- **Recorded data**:
◆ ◆ ◆
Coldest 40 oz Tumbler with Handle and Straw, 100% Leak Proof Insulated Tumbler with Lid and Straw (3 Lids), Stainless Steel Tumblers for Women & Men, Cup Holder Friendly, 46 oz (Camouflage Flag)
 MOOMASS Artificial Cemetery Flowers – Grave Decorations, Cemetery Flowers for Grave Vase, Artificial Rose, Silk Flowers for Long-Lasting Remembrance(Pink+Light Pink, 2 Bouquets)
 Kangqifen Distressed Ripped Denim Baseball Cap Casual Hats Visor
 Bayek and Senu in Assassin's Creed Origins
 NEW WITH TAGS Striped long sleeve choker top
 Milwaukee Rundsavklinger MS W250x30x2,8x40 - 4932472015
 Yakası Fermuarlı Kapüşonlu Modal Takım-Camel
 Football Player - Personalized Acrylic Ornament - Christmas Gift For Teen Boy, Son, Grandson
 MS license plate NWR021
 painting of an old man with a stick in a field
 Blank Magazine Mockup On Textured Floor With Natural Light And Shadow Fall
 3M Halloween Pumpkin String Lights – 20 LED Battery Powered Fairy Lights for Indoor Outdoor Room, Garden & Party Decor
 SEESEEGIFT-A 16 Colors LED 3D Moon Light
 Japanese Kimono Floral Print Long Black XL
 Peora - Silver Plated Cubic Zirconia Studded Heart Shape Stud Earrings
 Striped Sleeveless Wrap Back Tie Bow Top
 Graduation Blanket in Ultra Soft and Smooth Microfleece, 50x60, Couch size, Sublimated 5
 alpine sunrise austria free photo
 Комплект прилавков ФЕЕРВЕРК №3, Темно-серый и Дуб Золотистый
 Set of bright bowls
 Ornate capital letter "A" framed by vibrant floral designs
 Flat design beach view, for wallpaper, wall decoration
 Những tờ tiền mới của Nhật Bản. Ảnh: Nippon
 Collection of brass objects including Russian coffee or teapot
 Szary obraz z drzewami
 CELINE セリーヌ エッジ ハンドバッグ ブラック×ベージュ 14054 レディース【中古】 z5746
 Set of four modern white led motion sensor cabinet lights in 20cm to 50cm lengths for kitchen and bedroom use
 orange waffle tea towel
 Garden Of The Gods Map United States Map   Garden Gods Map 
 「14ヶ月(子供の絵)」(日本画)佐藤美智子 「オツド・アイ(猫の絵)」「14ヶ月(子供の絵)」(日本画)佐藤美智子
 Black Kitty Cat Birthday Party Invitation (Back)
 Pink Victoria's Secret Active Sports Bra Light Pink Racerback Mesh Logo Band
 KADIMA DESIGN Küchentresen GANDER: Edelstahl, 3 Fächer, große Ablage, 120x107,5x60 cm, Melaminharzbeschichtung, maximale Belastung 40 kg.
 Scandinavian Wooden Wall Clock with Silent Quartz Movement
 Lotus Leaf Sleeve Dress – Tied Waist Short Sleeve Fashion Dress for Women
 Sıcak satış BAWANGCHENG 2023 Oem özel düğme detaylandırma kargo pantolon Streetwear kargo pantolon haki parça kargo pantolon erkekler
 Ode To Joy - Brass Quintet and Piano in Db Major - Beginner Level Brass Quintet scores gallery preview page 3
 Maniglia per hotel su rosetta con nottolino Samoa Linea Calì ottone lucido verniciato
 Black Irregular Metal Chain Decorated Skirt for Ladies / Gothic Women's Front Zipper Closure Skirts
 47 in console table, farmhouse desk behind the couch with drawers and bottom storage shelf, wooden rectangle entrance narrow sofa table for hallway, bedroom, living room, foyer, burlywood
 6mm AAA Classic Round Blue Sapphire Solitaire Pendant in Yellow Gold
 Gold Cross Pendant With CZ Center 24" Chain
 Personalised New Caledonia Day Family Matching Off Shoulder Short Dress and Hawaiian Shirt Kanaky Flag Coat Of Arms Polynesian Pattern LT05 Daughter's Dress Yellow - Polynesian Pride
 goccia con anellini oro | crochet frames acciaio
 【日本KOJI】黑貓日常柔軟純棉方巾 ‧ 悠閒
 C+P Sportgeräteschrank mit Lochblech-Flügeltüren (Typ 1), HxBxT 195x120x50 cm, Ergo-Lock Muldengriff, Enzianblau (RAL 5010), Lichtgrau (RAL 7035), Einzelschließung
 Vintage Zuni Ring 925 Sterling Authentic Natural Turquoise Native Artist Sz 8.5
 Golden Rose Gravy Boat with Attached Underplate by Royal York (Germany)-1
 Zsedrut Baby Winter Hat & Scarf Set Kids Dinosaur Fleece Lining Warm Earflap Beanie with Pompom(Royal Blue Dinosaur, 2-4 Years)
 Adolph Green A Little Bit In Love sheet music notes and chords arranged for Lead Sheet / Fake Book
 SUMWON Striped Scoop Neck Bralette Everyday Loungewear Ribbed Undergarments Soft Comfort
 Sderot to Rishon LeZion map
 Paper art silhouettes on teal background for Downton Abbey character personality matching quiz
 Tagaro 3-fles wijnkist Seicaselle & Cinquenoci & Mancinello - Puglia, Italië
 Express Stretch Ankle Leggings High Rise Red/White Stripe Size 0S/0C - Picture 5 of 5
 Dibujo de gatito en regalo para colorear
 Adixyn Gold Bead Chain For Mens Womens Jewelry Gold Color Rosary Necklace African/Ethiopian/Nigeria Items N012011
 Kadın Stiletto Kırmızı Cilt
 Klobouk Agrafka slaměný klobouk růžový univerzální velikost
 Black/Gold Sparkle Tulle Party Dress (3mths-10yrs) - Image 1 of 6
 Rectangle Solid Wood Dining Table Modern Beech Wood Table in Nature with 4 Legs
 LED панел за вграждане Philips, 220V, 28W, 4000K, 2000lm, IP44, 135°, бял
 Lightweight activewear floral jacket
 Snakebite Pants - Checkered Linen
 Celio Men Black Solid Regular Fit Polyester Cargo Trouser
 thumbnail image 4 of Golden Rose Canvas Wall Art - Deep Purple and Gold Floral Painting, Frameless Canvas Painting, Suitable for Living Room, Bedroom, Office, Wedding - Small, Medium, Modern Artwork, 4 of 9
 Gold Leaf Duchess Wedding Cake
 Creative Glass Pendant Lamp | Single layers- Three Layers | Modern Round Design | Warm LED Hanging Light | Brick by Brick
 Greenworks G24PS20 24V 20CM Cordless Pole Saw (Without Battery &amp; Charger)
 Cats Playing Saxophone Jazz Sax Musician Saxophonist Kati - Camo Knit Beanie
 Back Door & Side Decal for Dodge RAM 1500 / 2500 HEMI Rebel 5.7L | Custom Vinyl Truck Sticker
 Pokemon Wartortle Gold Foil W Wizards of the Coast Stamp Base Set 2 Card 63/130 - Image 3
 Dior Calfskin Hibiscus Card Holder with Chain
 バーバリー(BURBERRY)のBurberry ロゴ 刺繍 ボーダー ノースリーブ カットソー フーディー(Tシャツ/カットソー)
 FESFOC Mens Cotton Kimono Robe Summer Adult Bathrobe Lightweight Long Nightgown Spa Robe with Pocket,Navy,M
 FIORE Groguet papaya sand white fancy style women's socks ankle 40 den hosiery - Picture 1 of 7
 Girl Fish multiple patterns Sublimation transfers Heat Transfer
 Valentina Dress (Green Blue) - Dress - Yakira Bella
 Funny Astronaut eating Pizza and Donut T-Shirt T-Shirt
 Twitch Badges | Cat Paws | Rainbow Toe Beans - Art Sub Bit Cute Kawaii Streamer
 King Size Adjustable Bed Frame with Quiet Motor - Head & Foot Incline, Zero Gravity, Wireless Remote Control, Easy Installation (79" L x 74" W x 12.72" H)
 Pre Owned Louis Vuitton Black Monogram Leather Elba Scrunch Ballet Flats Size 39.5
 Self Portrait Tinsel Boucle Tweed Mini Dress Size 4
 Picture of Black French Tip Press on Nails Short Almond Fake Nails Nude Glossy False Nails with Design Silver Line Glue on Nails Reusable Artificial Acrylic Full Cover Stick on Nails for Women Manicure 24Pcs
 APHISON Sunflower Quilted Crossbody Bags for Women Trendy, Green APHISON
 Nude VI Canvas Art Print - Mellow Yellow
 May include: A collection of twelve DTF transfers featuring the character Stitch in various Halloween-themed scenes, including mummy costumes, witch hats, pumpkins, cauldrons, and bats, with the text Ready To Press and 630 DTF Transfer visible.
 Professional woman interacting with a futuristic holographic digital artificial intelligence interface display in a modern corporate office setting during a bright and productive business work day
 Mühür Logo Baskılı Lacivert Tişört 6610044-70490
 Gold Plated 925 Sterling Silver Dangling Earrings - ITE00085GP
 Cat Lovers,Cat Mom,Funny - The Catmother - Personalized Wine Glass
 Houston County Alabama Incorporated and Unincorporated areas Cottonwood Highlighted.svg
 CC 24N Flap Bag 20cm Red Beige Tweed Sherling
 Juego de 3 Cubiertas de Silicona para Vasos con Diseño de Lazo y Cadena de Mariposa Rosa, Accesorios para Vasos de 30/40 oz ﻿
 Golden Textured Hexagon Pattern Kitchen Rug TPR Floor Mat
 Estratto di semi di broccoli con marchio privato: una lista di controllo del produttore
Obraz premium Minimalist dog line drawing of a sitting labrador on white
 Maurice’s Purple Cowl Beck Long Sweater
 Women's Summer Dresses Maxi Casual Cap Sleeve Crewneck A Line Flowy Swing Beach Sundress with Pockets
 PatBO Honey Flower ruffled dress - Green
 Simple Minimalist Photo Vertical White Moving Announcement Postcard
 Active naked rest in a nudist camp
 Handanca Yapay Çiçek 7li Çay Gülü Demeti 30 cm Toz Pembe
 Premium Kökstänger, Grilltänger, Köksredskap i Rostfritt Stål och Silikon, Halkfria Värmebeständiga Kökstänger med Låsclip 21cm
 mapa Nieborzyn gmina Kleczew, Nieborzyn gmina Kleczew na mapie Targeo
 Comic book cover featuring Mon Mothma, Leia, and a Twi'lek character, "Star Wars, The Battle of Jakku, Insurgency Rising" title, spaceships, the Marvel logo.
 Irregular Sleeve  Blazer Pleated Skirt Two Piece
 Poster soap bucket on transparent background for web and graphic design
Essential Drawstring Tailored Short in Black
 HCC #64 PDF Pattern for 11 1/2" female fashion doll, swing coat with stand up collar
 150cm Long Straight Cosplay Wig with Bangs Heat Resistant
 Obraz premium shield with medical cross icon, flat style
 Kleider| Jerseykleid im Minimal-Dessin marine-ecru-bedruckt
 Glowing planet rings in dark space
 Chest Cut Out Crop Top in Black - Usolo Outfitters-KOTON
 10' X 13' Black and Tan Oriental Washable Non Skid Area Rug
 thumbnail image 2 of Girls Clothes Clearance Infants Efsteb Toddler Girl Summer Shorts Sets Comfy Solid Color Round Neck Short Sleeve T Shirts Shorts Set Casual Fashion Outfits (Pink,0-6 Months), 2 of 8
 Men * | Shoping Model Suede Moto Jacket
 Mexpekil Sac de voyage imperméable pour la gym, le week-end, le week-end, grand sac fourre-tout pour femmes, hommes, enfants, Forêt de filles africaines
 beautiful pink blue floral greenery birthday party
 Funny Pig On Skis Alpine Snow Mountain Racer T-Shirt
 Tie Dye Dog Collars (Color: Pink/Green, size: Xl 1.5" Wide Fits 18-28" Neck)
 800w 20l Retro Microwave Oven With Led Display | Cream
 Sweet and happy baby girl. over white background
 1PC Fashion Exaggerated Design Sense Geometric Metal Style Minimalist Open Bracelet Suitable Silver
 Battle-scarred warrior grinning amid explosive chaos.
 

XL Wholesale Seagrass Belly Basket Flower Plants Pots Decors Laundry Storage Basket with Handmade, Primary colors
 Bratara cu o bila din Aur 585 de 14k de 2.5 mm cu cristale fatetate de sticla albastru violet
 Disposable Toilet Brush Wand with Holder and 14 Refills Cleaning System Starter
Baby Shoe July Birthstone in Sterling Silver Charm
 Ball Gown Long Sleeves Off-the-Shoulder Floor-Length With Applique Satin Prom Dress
◆ ◆ ◆
Search the records for lines holding the word "Beanie", then copy each line you find.

 Zsedrut Baby Winter Hat & Scarf Set Kids Dinosaur Fleece Lining Warm Earflap Beanie with Pompom(Royal Blue Dinosaur, 2-4 Years)
 Cats Playing Saxophone Jazz Sax Musician Saxophonist Kati - Camo Knit Beanie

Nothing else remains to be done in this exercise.